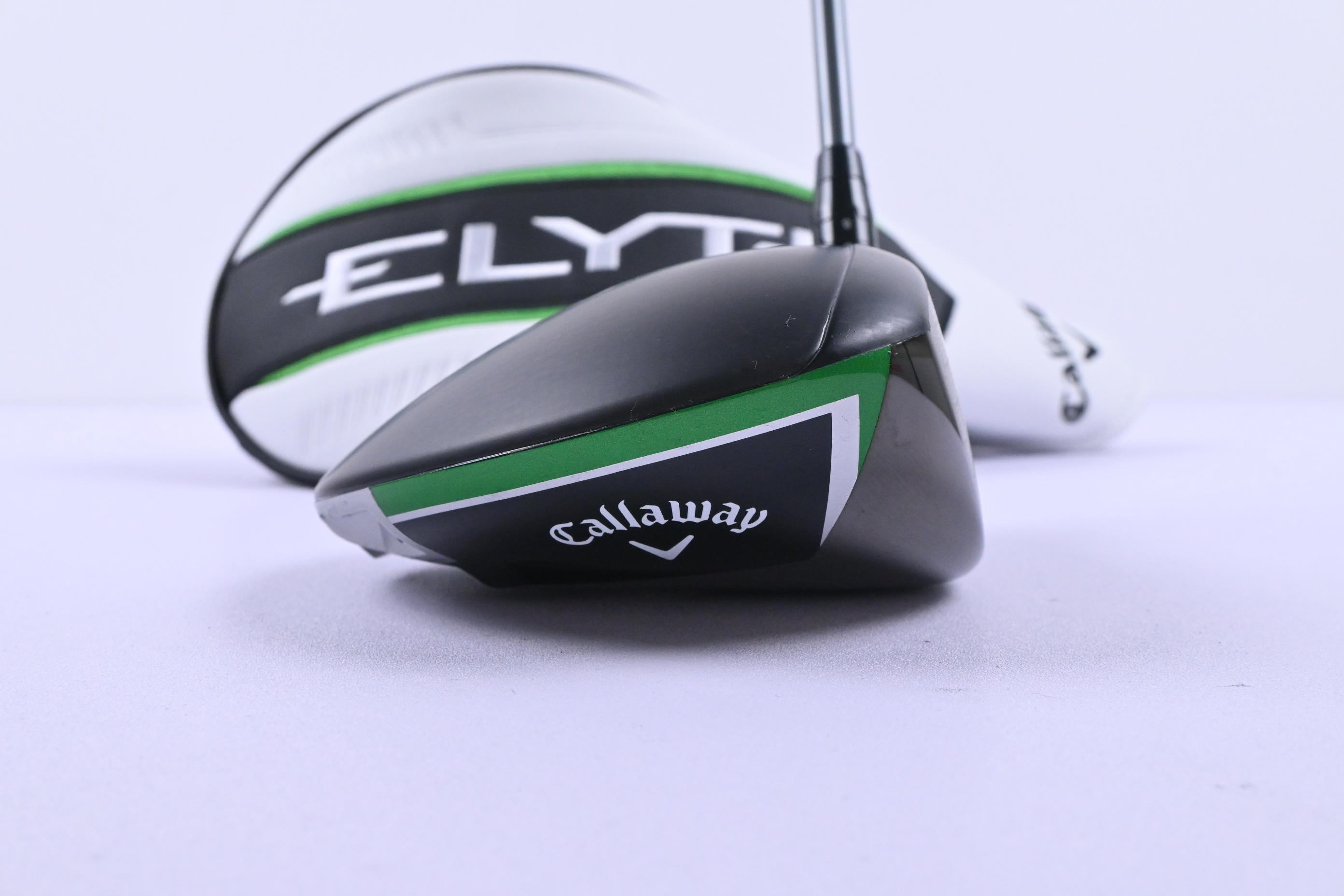 Callaway Elyte Driver / 10.5 Degree / Regular Flex Project X Denali Charcoal 50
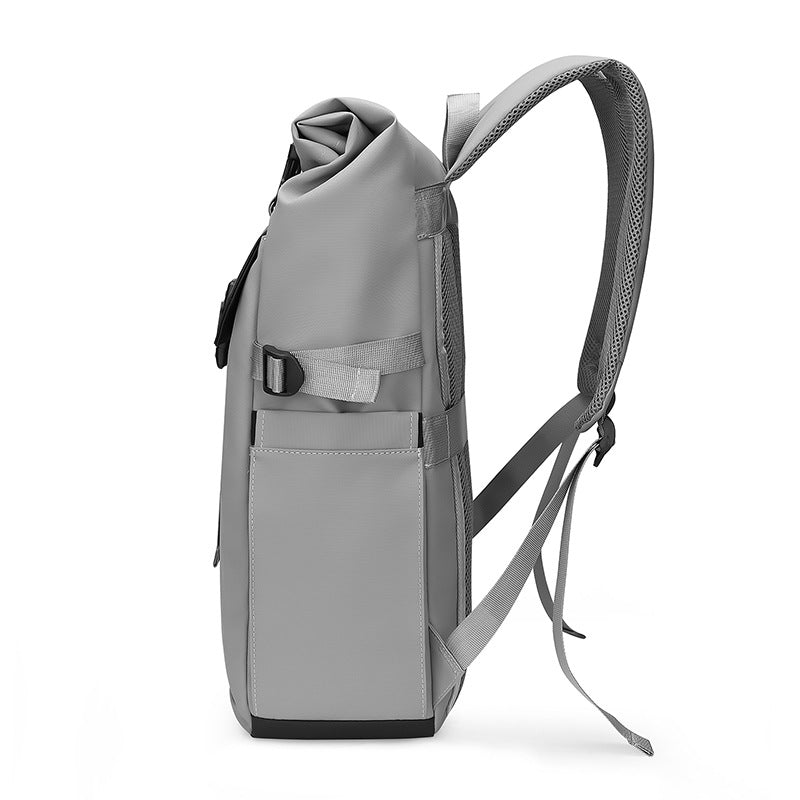 Rolltop Wasserdichter Abenteuer Rucksack Brehn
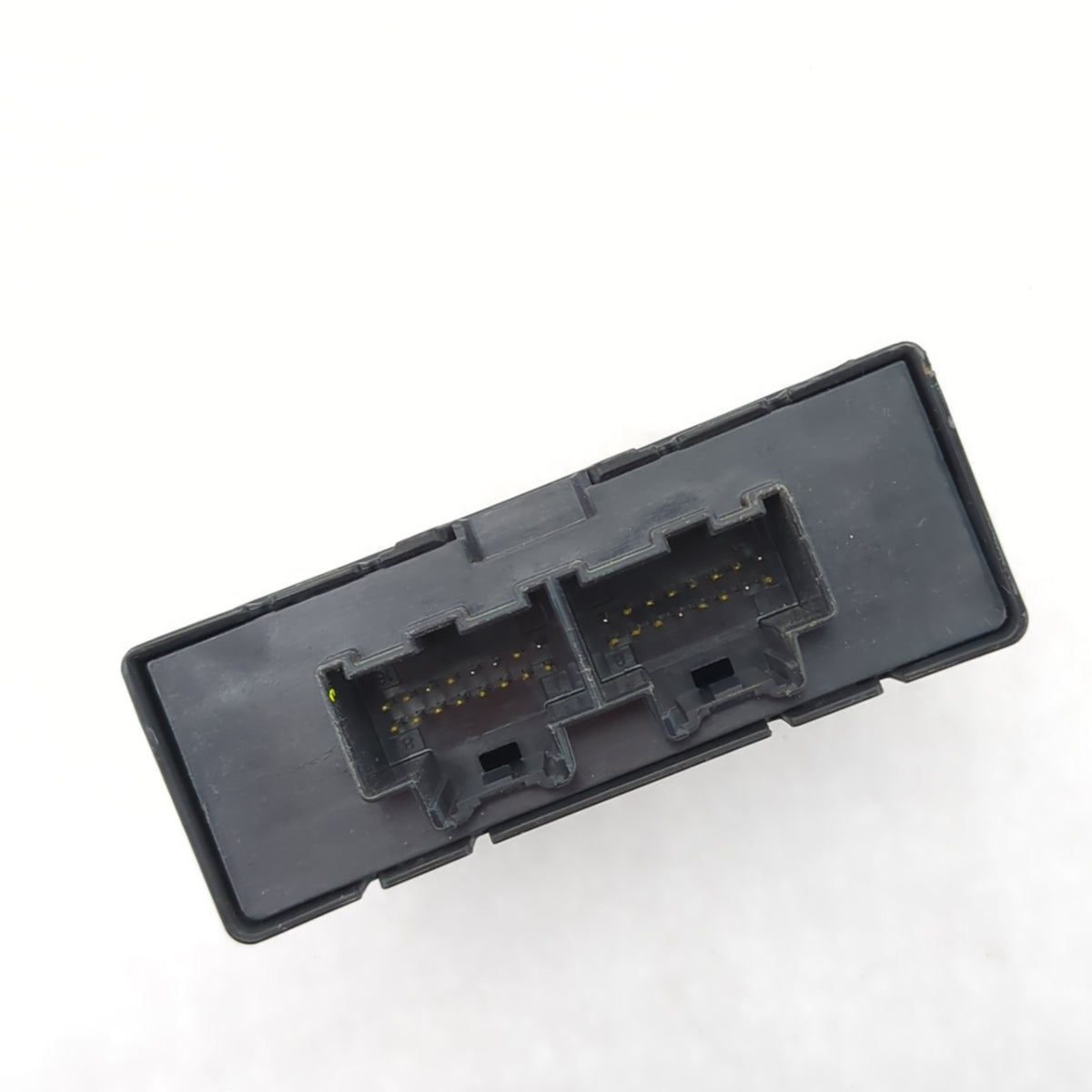 2017 2018 2019 Silverado Sierra Network Gateway Control Module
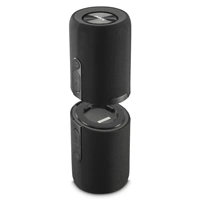 Hama Twin 4.0, Bluetooth reproduktor, rozdeliteľný na 2, TWS, vodeodolný, IP67, 30 W, čierny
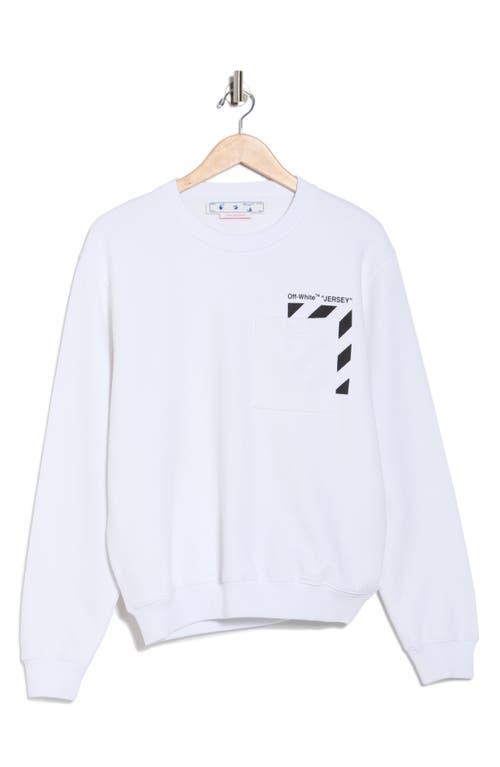 Off-White c/o Virgil Abloh Sweatshirts for Women | Online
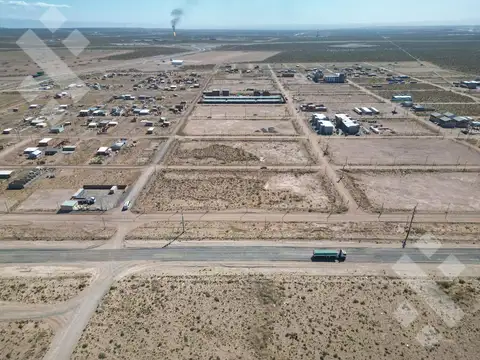 Terreno en Venta en Añelo, Neuquén
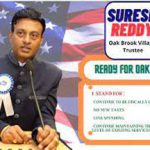 Indian American Physician wins Oak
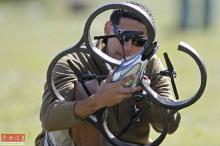 美媒：IS发动无人机袭击美军申请更多经费应对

^^^^^^^^

> Exercise
Only the lines from the one with "Off-White c/o Virgil" to the end of the listing, both ends included, should be retyped exactly; no pictures belong in the copy.

> Task output
 Off-White c/o Virgil Abloh Sweatshirts for Women | Online
 Terreno en Venta en Añelo, Neuquén
 Indian American Physician wins Oak
 美媒：IS发动无人机袭击美军申请更多经费应对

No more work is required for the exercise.